The Centers for Medicare and Medicaid Services (CMS) has notified the American Hospital Association (AHA) and other trade associations that it is "increasingly concerned" about hospitals keeping patients on observation status for more than 48 hours instead of admitting or discharging them, according to a July 7 letter issued by then-Acting Administrator Marilyn Tavenner.
According to CMS, the expanded use of observation status actually started prior to 2008. "CMS claims data indicate a modest trend toward proportionally more observation services extending beyond 48 hours, from approximately 3 percent in 2006 to nearly 6 percent in 2008," said Tavenner. However, the pace appears to have picked up over the past two years. The Center for Medicare Advocacy in Washington, D.C., has received complaints about hospitals' use of observation status from 18 states since 2008, senior policy attorney Toby Edelman told Bloomberg Businessweek. "We're getting calls from all over the place about this," he said.

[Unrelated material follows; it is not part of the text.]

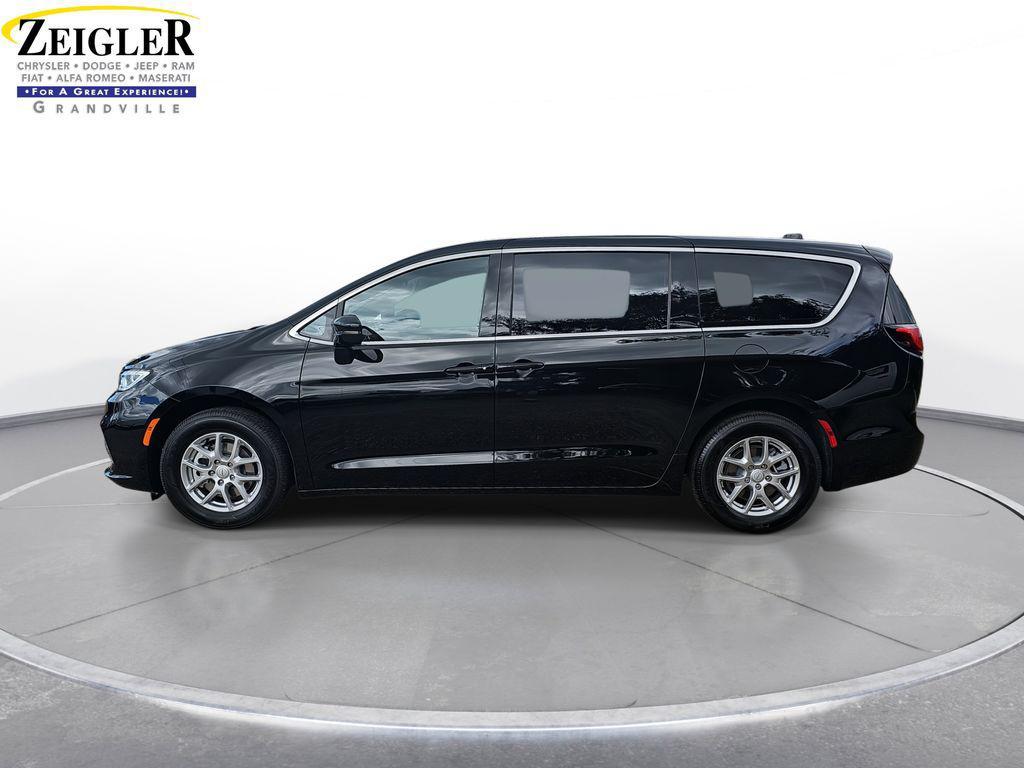 new 2026 Chrysler Pacifica car, priced at $36,296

In addition, last year skilled nursing facilities (SNFs) began making almost monthly anecdotal reports during CMS' SNF/Long-term Care Open Door Forums that some hospitals were routinely keeping patients on observation status for four to five days (and in at least one case 13 days) rather than the 24 to 48 hours indicated by Section 20.6, "Outpatient Observation Services," in Chapter 6, "Hospital Services Covered Under Part B," of the Medicare Benefit Policy Manual.

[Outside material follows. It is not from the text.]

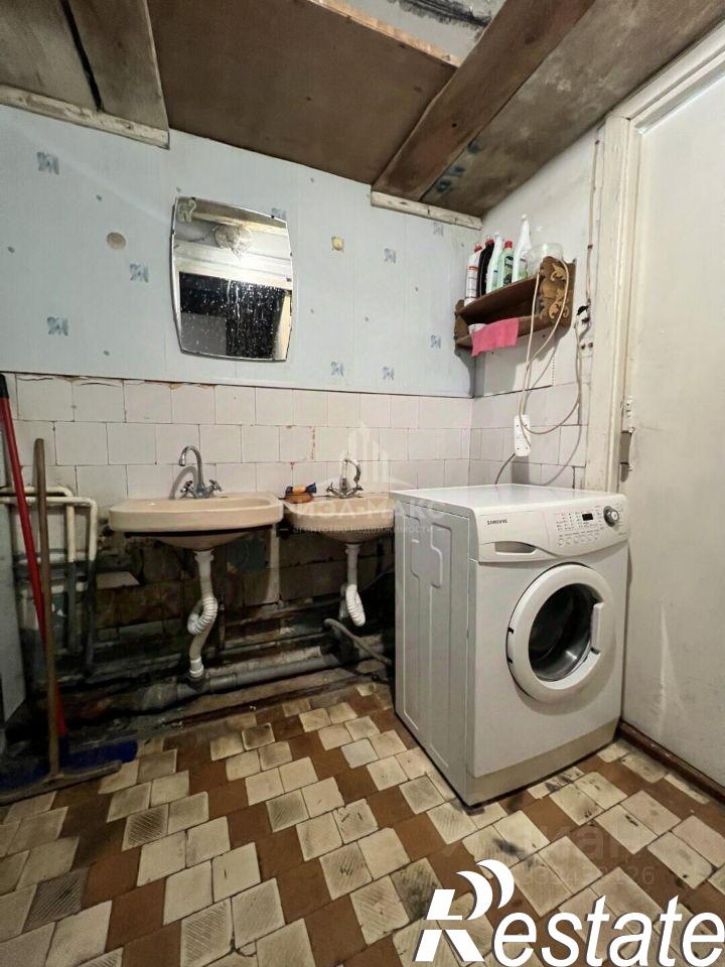 Комната Новозыбковская улица, 19,  д. 19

Why the concern? Medicare patients are paying a hefty price. First, they are subject to 20 percent Part B co-pays (and potential self-administered drug costs) on observation status. Second, patients who require Part A extended-care SNF services can't access their benefits because they don't have a qualifying three-day inpatient hospital stay. (Observation days don't count as inpatient days.) One patient who spent eight days on observation status at John Dempsey Hospital in Canton, Conn., didn't find out that Medicare wouldn't pay for months of necessary post-hospital SNF services until his fourth day at the hospital, reports Bloomberg. In total, the patient ended up on the hook for $36,000 in unreimbursed services.
CMS is "unaware of any policies that would cause a hospital to extend observation days for Medicare patients," said Tavenner, who stressed that "only in rare and exceptional circumstances would it be reasonable and necessary for outpatient observation services to span more than 48 hours."
The agency wants the AHA and the other associations to provide information "about why this trend is occurring ... to better inform further actions CMS can take on this issue," said Tavenner. The AHA is "examining the issue and gathering feedback from our member hospitals," spokeswoman Alicia Mitchell told FierceHealthFinance.